前年度から引き継がれた問題点前年度は、NGOに関する情報収集と、NGOに関心を持つ大学教員に対する聞き取り調査を行い、基本的な認識を得るように努めた。今年度は、研究の焦点を緑化NGOに定め、その行為に参画し、実践的に研究を進めた。(1) 緑化リーダー養成講座GENは中国の沙漠化地域の一つである山西省の高度高原において、現地の青年連合会とパートナーシップを組んで緑化活動を行っている。そのなかで、現地の植生の調査、育苗・植林技術の向上、病害虫被害の分析などにおいて、大学教員や元教員と連携を図っている。その主なメンバーを招き、「緑化リーダー養成講座」というタイトルのもと、講演会を開催し、そのNGO経験に関するデータを集めた。(2) ワーキングツアーチコロナイは北海道でアイヌ民俗が多く住むニ風谷において、アイヌ文化の基盤となる森林の再生を目的とするナショナルトラスト活動である。毎年、数度にわたり現地においてワーキングツアーを企画しており、上田が参加して大学とのパートナーシップの可能性を探った。その結果、ナショナルトラスト活動は自然と文化と生活とを総合的に考察する機会を与えるものであり、ワーキングツアーは有効な教育の場となりうることが明らかとなった。

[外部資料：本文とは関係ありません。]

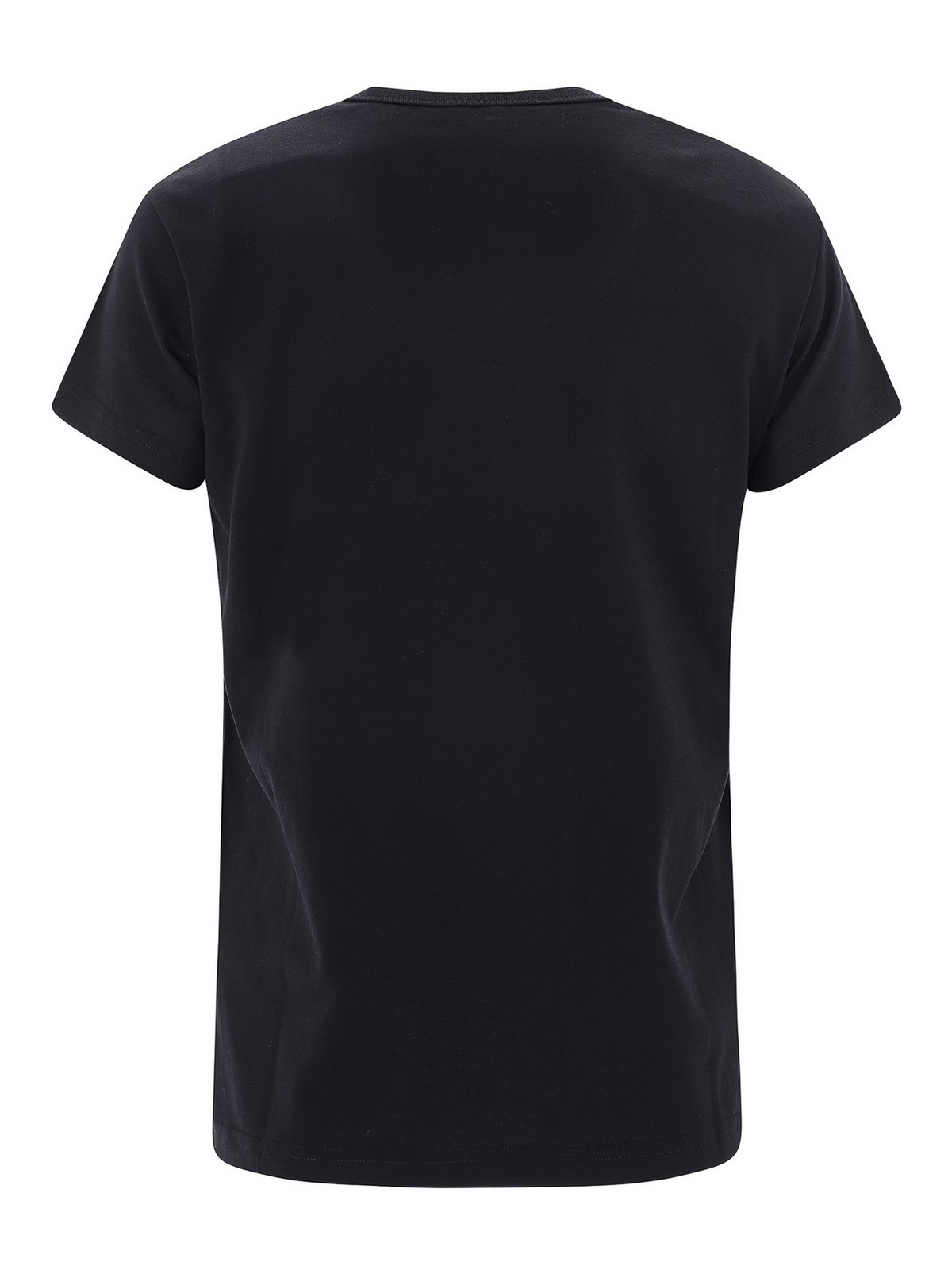 Tシャツ・カットソー GIVENCHY Women Tops BW70CH3YHY 001 BLACK authentic Givenchy T-shirt black distressed Givenchy logo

(3) 文学部集中合同講義「アジア・開発・NGO」大学の学生のNGOに対する取り組みを調べるために、文学部の集中合同講義にNGOを取り上げた。学生にNGOが企画したシンポジウムやイベントの情報を提供し、興味を持ったものに参加するように促した。その結果、学生のNGOに対する目を開かせるためには、きめの細かいサポートが必要であることが明らかとなった。(4) サポートセンターの必要性以上の研究・調査の結果、大学とNGOのパートナーシップを構築するためには、両者の事情に精通したものがマッチンキグさせるための第三者的なサポート体制をつくる必要があることが明らかとなった。今後は、そのサポートセンターの設立の条件などについて、実践的に研究を展開させてゆきたい。